Until now, most consumers have been reluctant to purchase movie downloads. There are lots of reasons. It is a new behavior, and learning to do things in a different way takes time. There's little compelling reason to change current behaviors, either. Whatever else one might say, the ability to rent or buy movie material is not a pressing problem.

So Web downloads of the same material consumers easily can get is not a winning proposition for most people: it simply doesn't solve a big enough problem, or save enough time or money. Not when DVD retail, Netflix, Blockbuster rental channels, IPTV and video on demand are so easy to use, both absolutely and comparatively.

And so far, it would be hard to argue that paid movie content delivered over a Web connection for viewing on a standard TV actually saves either money or time.

Download-to-burn services offer a way to get around these limitations and might prove more appealing to consumers, says The Diffusion Group. But not for a while. The number of titles available for D2B services is extremely limited, and that won't be an easy problem to fix.

Not for any technical reason, but because movie content owners are acutely tuned to the distribution methods that net them the most money.

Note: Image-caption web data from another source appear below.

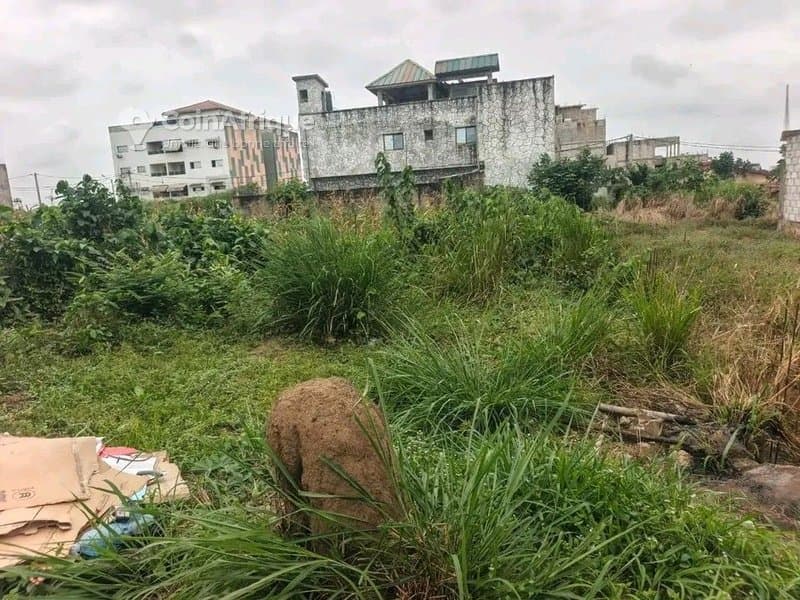 Terrain 600m² - bingerville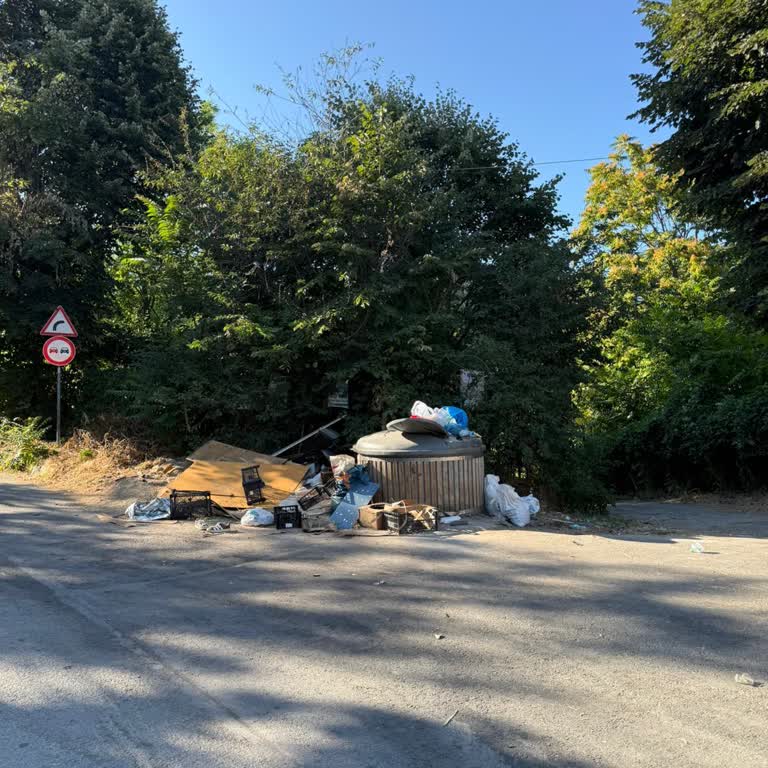 Beykoz'da Çöp Toplama Sıklığının Artırılması Talebi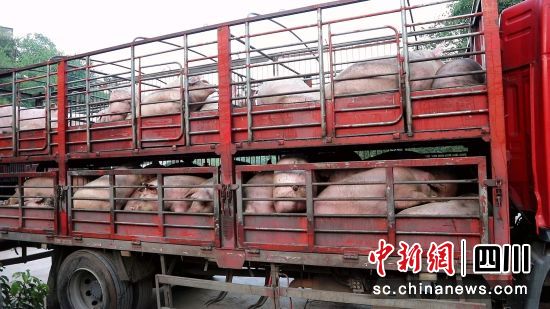 生猪出栏。合江县融媒体中心供图 生猪出栏。合江县融媒体中心供图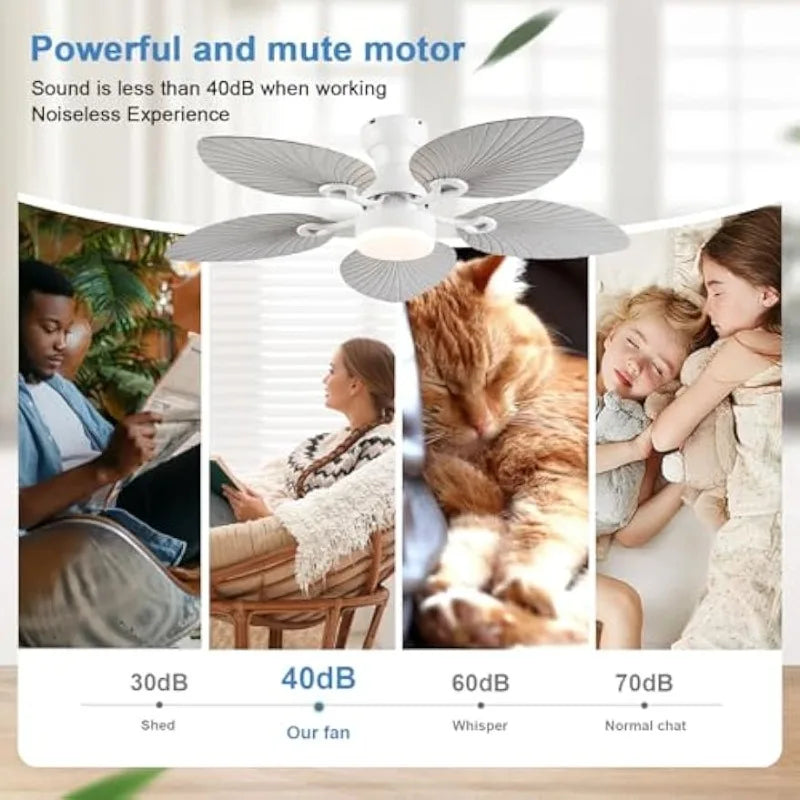 52"  Ceiling Fan with Light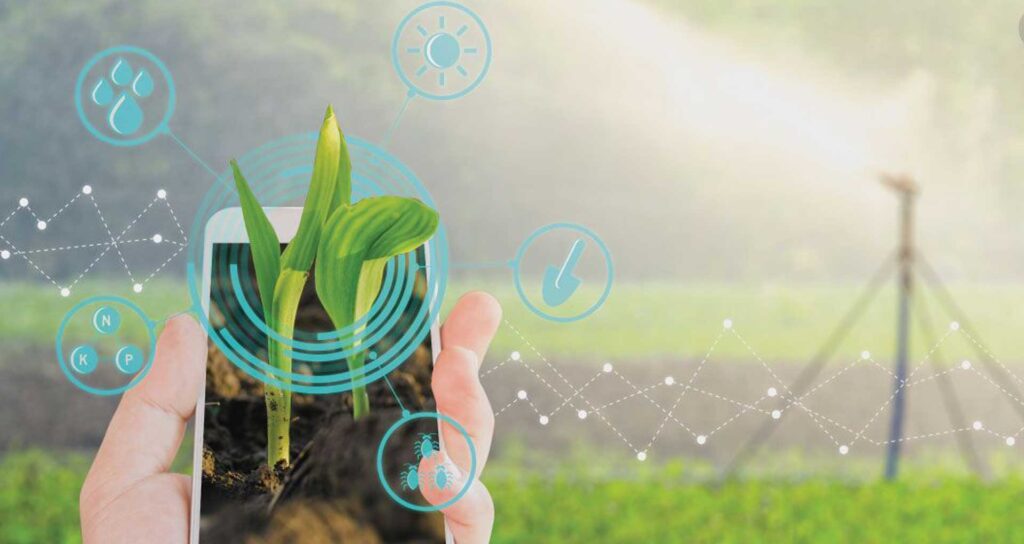 Internet of Things in agriculture industry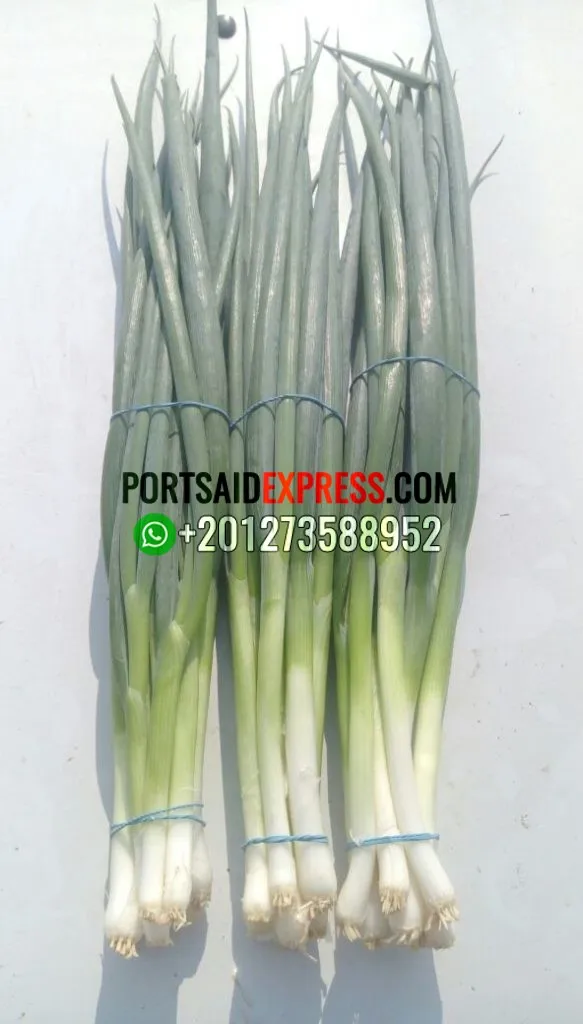 SPRING ONION (1)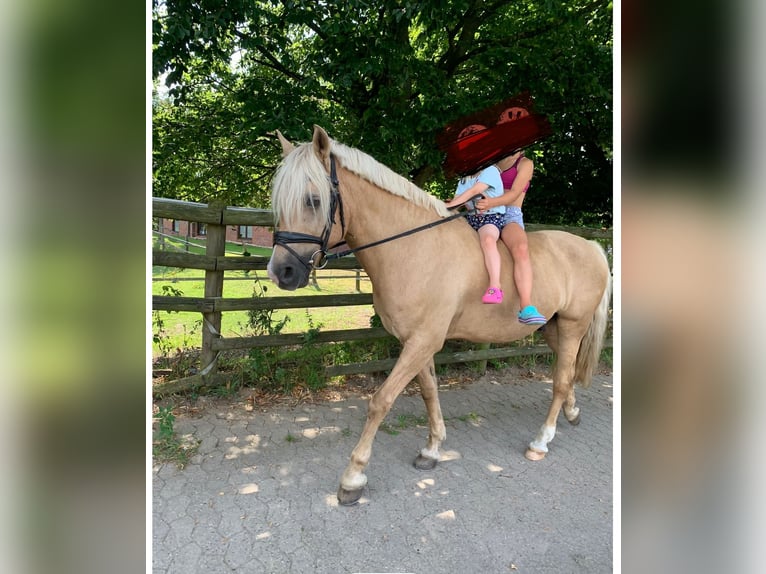 Kuc walijski sekcji D Wałach 19 lat 148 cm Izabelowata in Tangstedt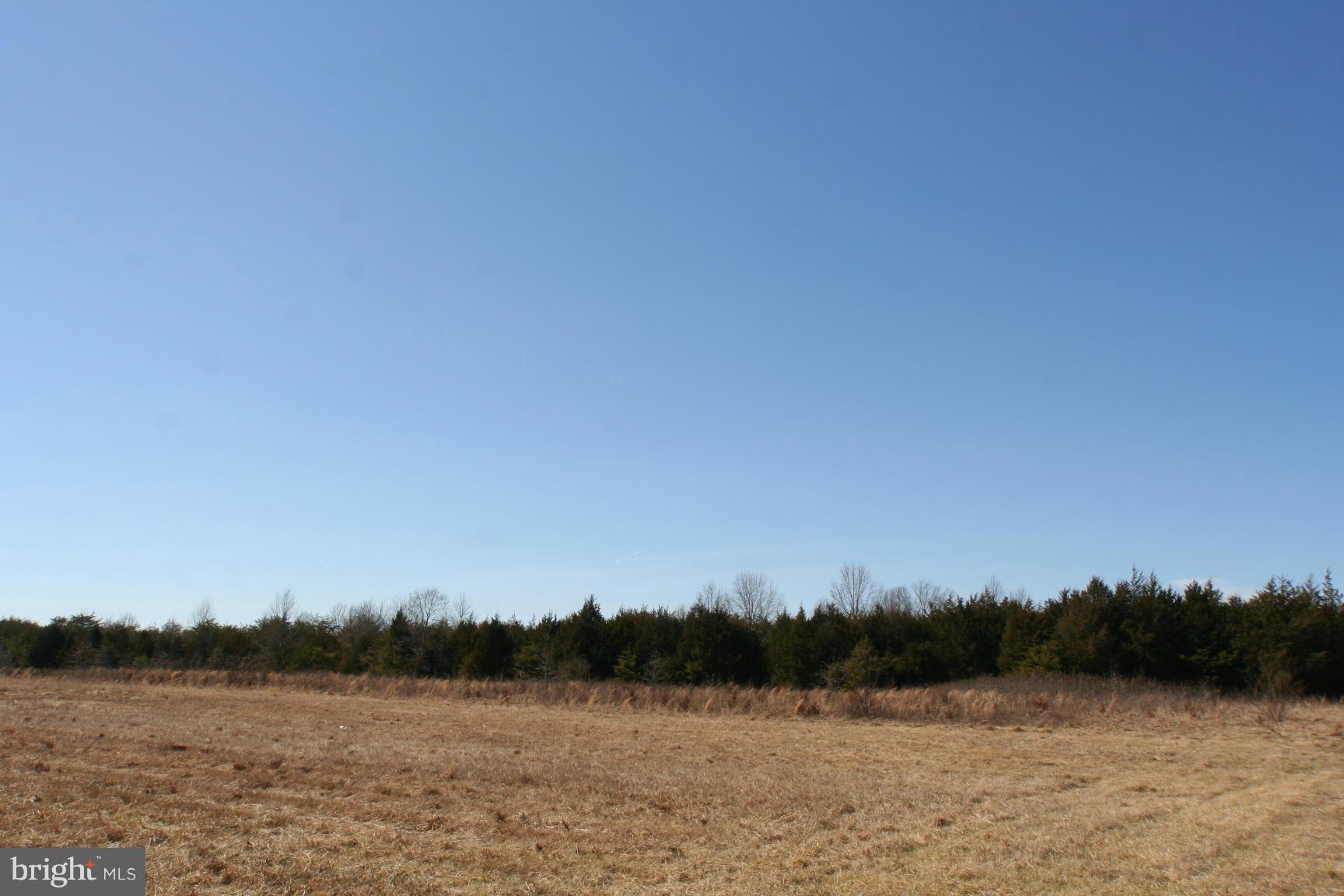 1 Sowego Road Catlett, VA 20119 - Photo 7 of 8 View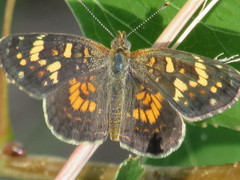 Phyciodes picta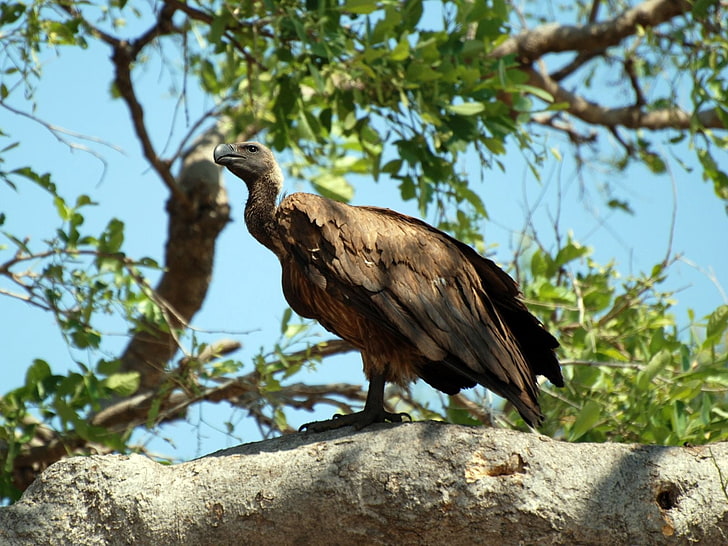 brown vulture, vulture, bird, predator, sitting, HD wallpaper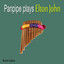 Panpipe Plays Elton John Albumcover
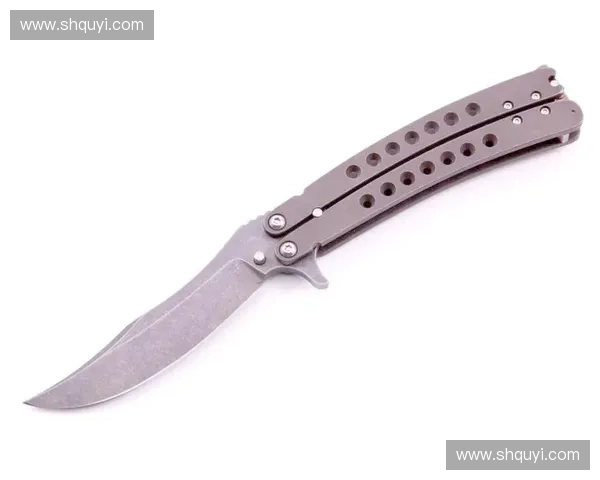 《CSGO刀具大全与稀有价值解析揭示刀具背后的文化与收藏热潮》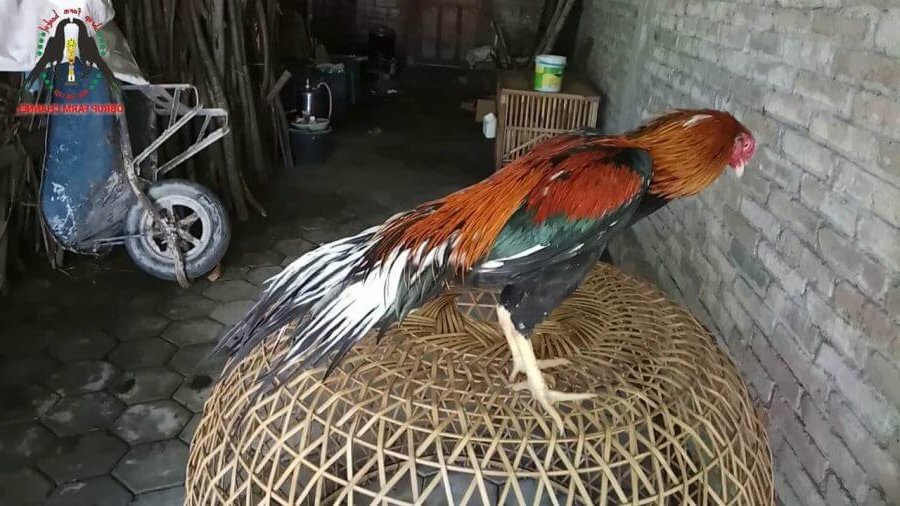 ayam bangkok ekor lidi super wiring kuning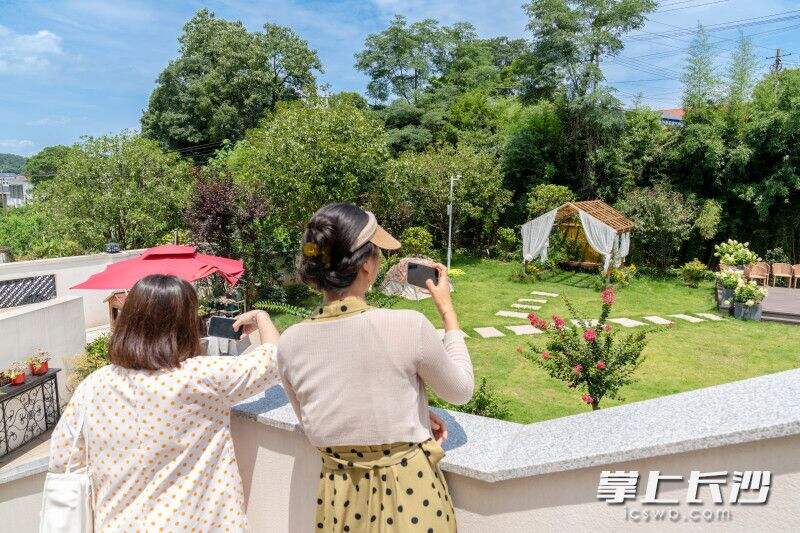 璟蓝民宿的小院里，刚举办了一场草坪婚礼。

And there's no way they'd take a chance on harming existing channels by aggressively deploying a new channel before they have some assurance that cannibalization is minimal and new markets can be created.

CinemaNow and Movielink, both of which offer who offer D2B services, have found uptake to be poor. The problem is pretty simple. Movie rentals and purchases are all about the content, and when the content can be had. Since the studios are cautious, the content D2B offers is widely available elsewhere, through the traditional channels.

While 49 percent of adult Internet users are to some extent familiar with online movie stores that offer downloads, less than five percent report having purchased a movie download.

Not surprisingly, those most interested in D2B services are also the heaviest DVD buyers. On average, D2B potential users purchase 55 percent more movies than users who say they won't, or probably won't use D2B services.

Price sensitivity for B2D services also is significant as well. Still, the biggest problem is simply that the hassle factor is too great, the content selection available elsewhere and the price or time savings minimal to non-existent. This is going to be a tough market to jumpstart.

Joost will provide a new test, of course. But it still is hard to see how the incremental value outweighs the hassle, at least for most consumers. Non-traditional content likely will be the more important factor, ultimately.